Short descriptive text snippets
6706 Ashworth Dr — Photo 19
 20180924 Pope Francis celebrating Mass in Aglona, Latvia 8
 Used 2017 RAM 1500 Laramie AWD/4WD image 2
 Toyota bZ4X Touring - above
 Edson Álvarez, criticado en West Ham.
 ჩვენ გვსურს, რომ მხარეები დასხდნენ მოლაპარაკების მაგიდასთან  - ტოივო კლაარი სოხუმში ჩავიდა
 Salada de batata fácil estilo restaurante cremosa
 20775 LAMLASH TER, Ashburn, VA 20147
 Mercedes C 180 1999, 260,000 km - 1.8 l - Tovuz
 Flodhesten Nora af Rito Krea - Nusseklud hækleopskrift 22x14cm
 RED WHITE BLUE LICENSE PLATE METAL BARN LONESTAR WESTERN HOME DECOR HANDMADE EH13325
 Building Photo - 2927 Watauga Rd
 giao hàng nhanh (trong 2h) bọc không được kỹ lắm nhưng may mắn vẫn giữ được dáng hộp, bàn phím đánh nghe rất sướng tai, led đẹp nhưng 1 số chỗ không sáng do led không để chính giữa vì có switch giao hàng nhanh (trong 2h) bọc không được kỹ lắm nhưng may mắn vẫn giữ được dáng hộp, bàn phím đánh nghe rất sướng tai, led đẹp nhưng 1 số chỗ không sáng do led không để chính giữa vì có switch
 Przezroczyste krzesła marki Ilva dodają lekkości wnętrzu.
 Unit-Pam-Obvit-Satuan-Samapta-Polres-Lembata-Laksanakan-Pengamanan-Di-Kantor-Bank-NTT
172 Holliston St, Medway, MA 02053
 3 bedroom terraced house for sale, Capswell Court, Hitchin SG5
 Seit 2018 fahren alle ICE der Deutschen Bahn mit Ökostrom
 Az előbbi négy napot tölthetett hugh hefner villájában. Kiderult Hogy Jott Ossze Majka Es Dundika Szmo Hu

## [Exercise objective]
Take the data above and return it exactly.

## [Task output]
6706 Ashworth Dr — Photo 19
 20180924 Pope Francis celebrating Mass in Aglona, Latvia 8
 Used 2017 RAM 1500 Laramie AWD/4WD image 2
 Toyota bZ4X Touring - above
 Edson Álvarez, criticado en West Ham.
 ჩვენ გვსურს, რომ მხარეები დასხდნენ მოლაპარაკების მაგიდასთან  - ტოივო კლაარი სოხუმში ჩავიდა
 Salada de batata fácil estilo restaurante cremosa
 20775 LAMLASH TER, Ashburn, VA 20147
 Mercedes C 180 1999, 260,000 km - 1.8 l - Tovuz
 Flodhesten Nora af Rito Krea - Nusseklud hækleopskrift 22x14cm
 RED WHITE BLUE LICENSE PLATE METAL BARN LONESTAR WESTERN HOME DECOR HANDMADE EH13325
 Building Photo - 2927 Watauga Rd
 giao hàng nhanh (trong 2h) bọc không được kỹ lắm nhưng may mắn vẫn giữ được dáng hộp, bàn phím đánh nghe rất sướng tai, led đẹp nhưng 1 số chỗ không sáng do led không để chính giữa vì có switch giao hàng nhanh (trong 2h) bọc không được kỹ lắm nhưng may mắn vẫn giữ được dáng hộp, bàn phím đánh nghe rất sướng tai, led đẹp nhưng 1 số chỗ không sáng do led không để chính giữa vì có switch
 Przezroczyste krzesła marki Ilva dodają lekkości wnętrzu.
 Unit-Pam-Obvit-Satuan-Samapta-Polres-Lembata-Laksanakan-Pengamanan-Di-Kantor-Bank-NTT
172 Holliston St, Medway, MA 02053
 3 bedroom terraced house for sale, Capswell Court, Hitchin SG5
 Seit 2018 fahren alle ICE der Deutschen Bahn mit Ökostrom
 Az előbbi négy napot tölthetett hugh hefner villájában. Kiderult Hogy Jott Ossze Majka Es Dundika Szmo Hu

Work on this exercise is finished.